Activity – Beneath this line are entries. Copy the range from the line with "2.5 mm Black Round Elastic Cord" to the line with "Algeria Street 3 - 01 map", ends included, exactly; leave pictures out.

----------------

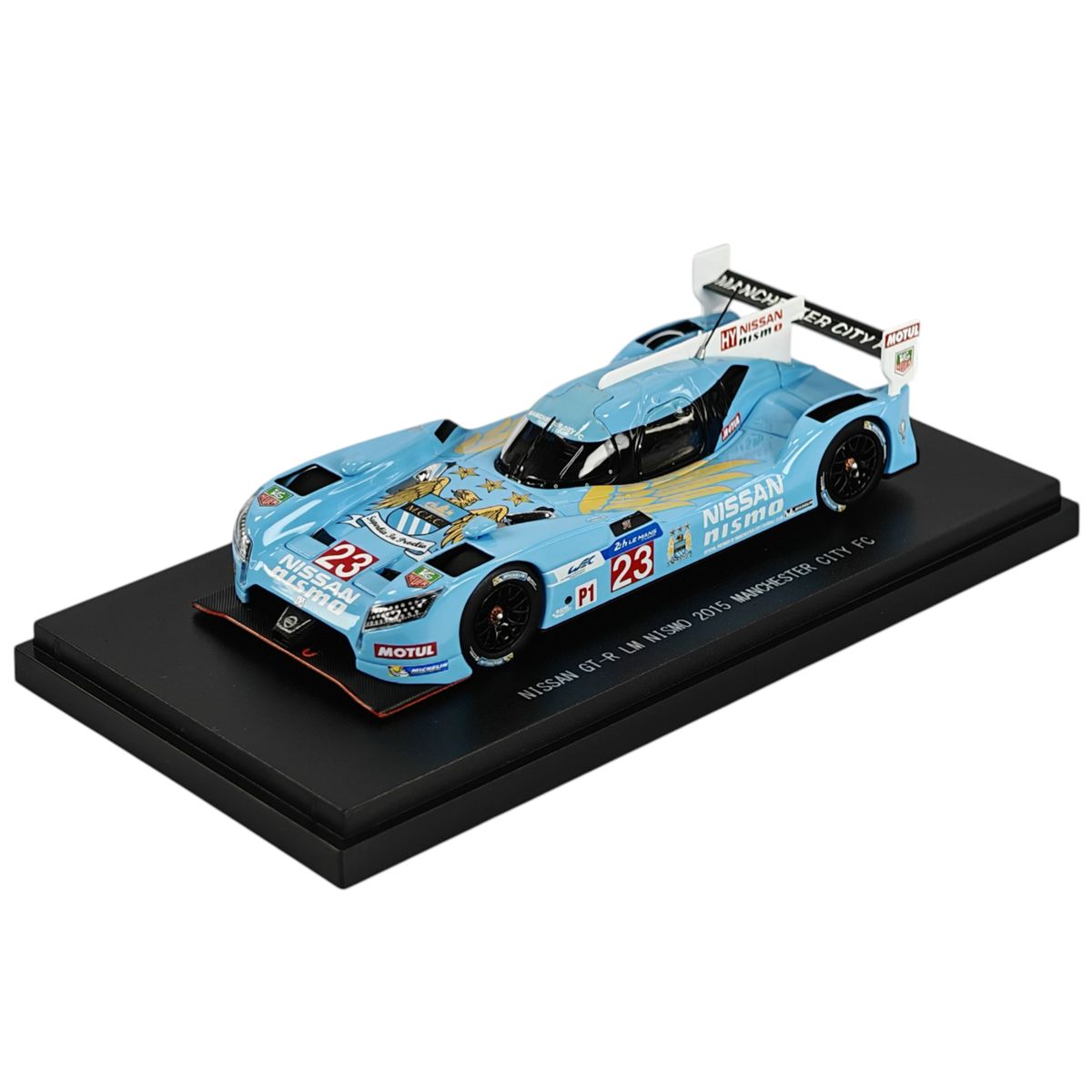 FORMULA 1 - Auto Nissan GTR Nismo Manchester City FC 2015 #23 Jann Mardenborough Caja Acrilica Ebbro 1:43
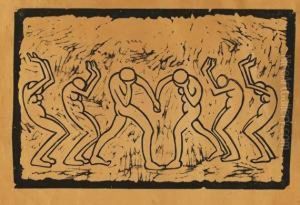 Klagende Frauen by Wilhelm Morgner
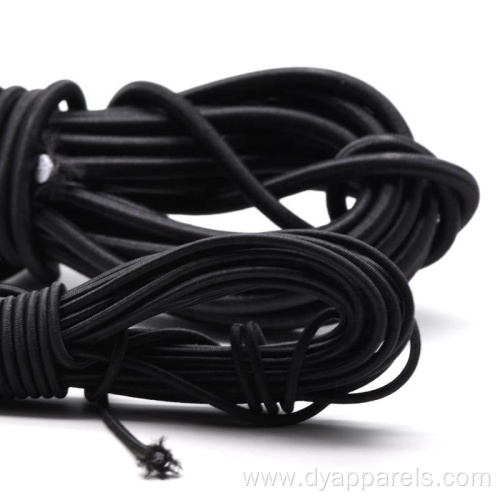 2.5 mm Black Round Elastic Cord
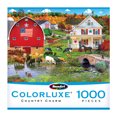 thumbnail image 4 of RoseArt - Colorluxe 1000-Piece - Country Charm - Adult Interlocking Puzzle, 4 of 6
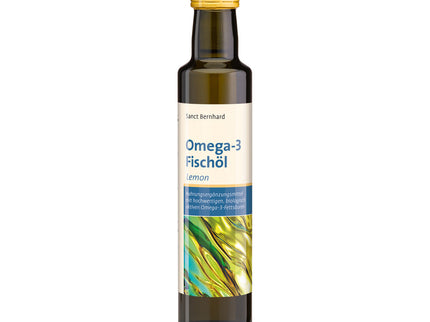 SANCT BERNHARD Omega-3 žuvų taukai su citrina, 250 ml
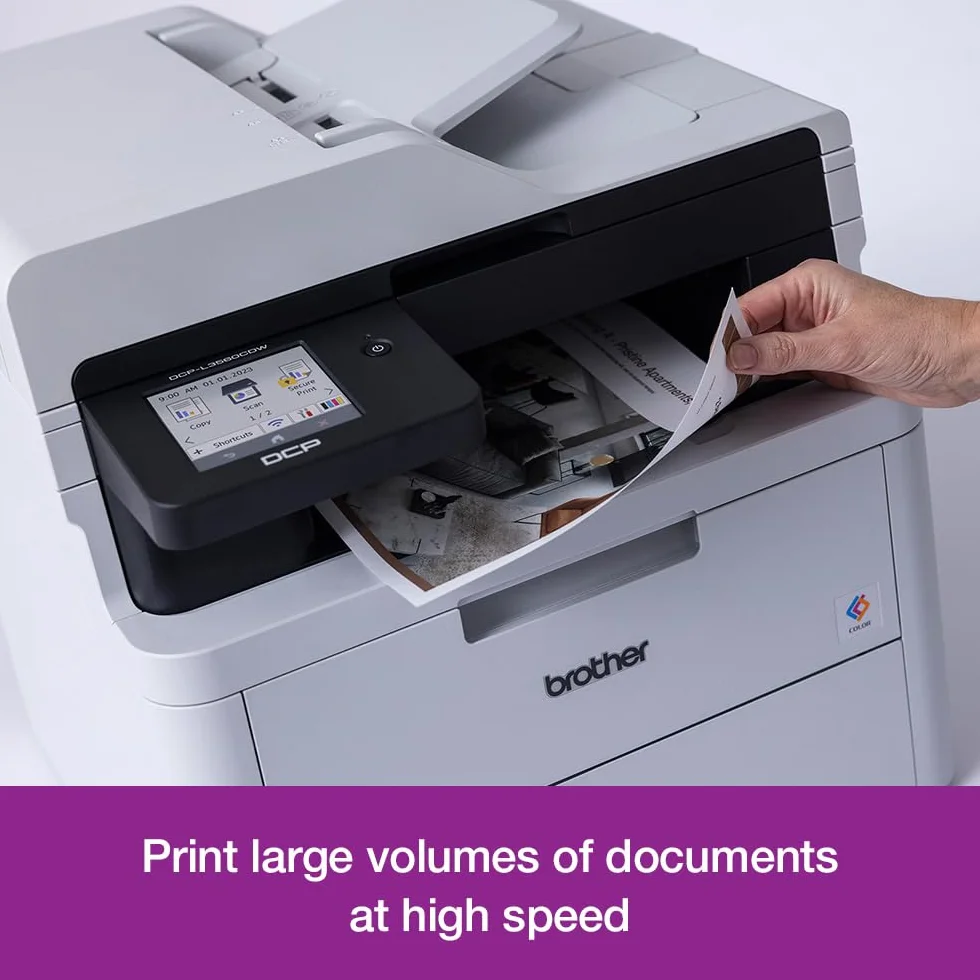 Brother DCP-L3560CDW LED A4 600x2400 DPI 26 PPM Wi-Fi 3-in-1 Colour Printer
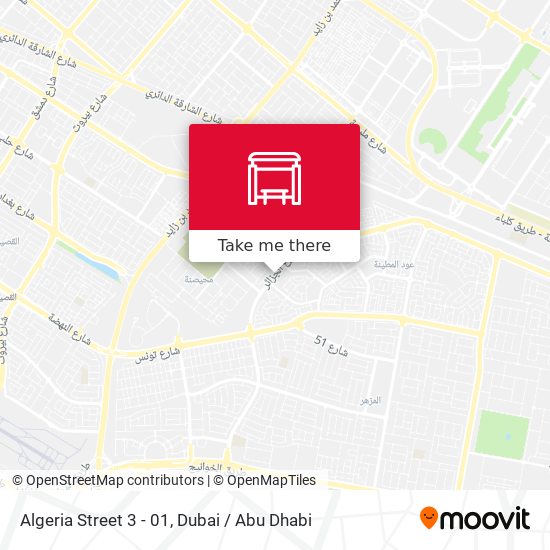 Algeria Street 3 - 01 map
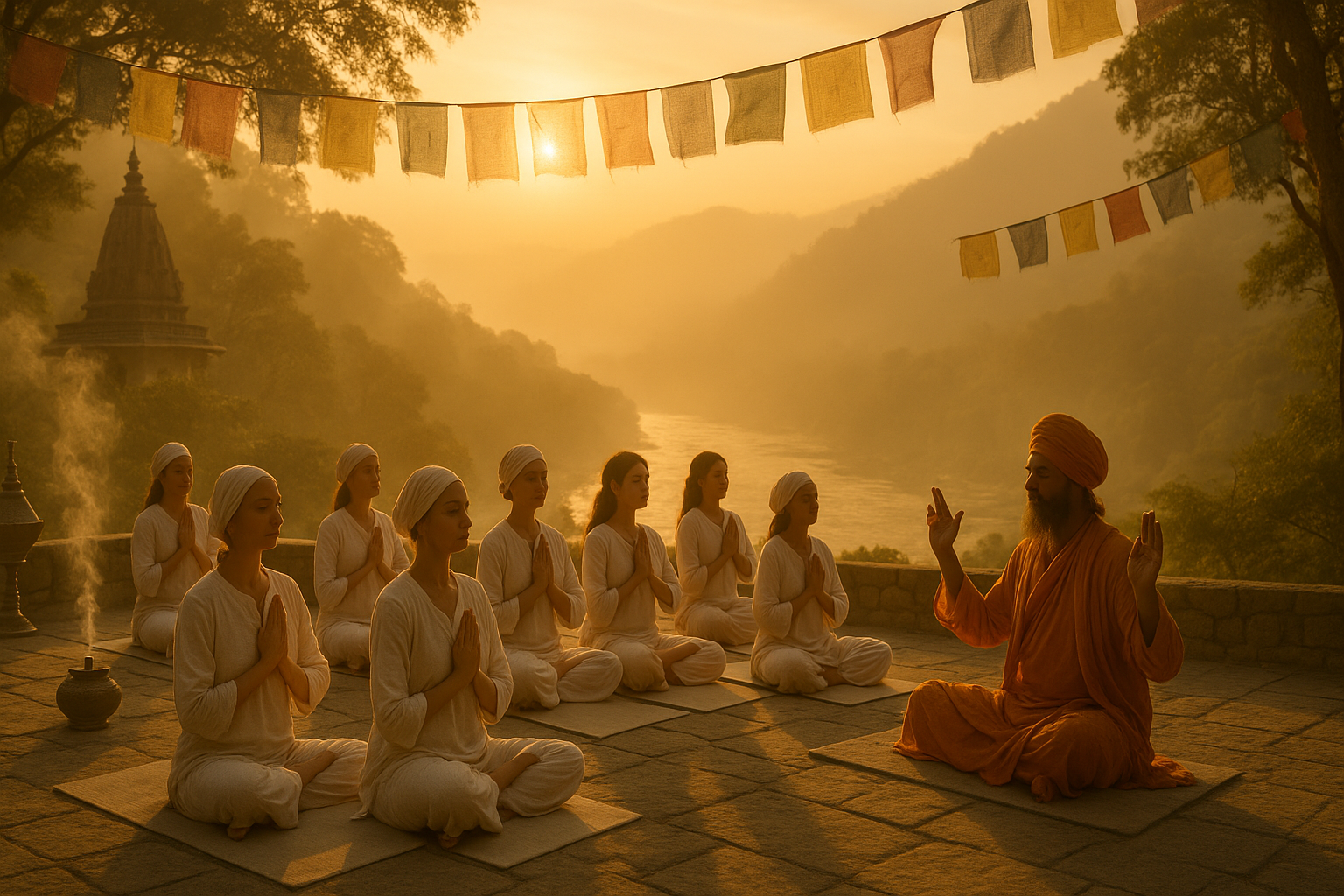 Kundalini Yoga Teacher Training in India at Aradhana Yogashala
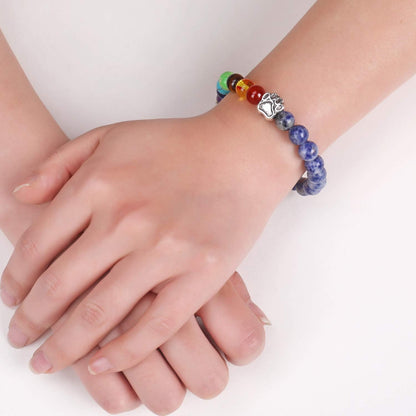 Rainbow Bridge Memorial Bracelet Ã¢â‚¬â€œ 7 Chakra Bead Gift for Pet Loss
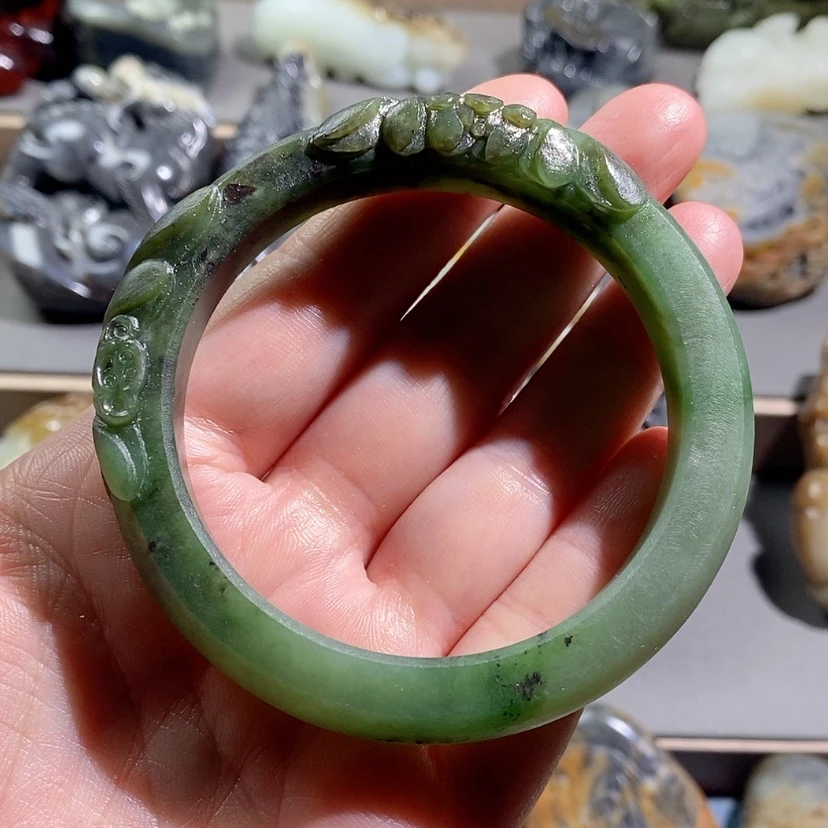 【闪购商品】和田玉未镶嵌把件静**?定制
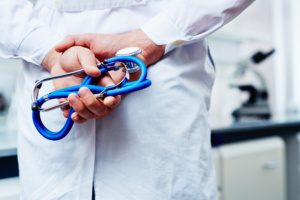 médico médica estetoscópio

----------------

Answer below –
 2.5 mm Black Round Elastic Cord
 thumbnail image 4 of RoseArt - Colorluxe 1000-Piece - Country Charm - Adult Interlocking Puzzle, 4 of 6
 SANCT BERNHARD Omega-3 žuvų taukai su citrina, 250 ml
 Brother DCP-L3560CDW LED A4 600x2400 DPI 26 PPM Wi-Fi 3-in-1 Colour Printer
 Algeria Street 3 - 01 map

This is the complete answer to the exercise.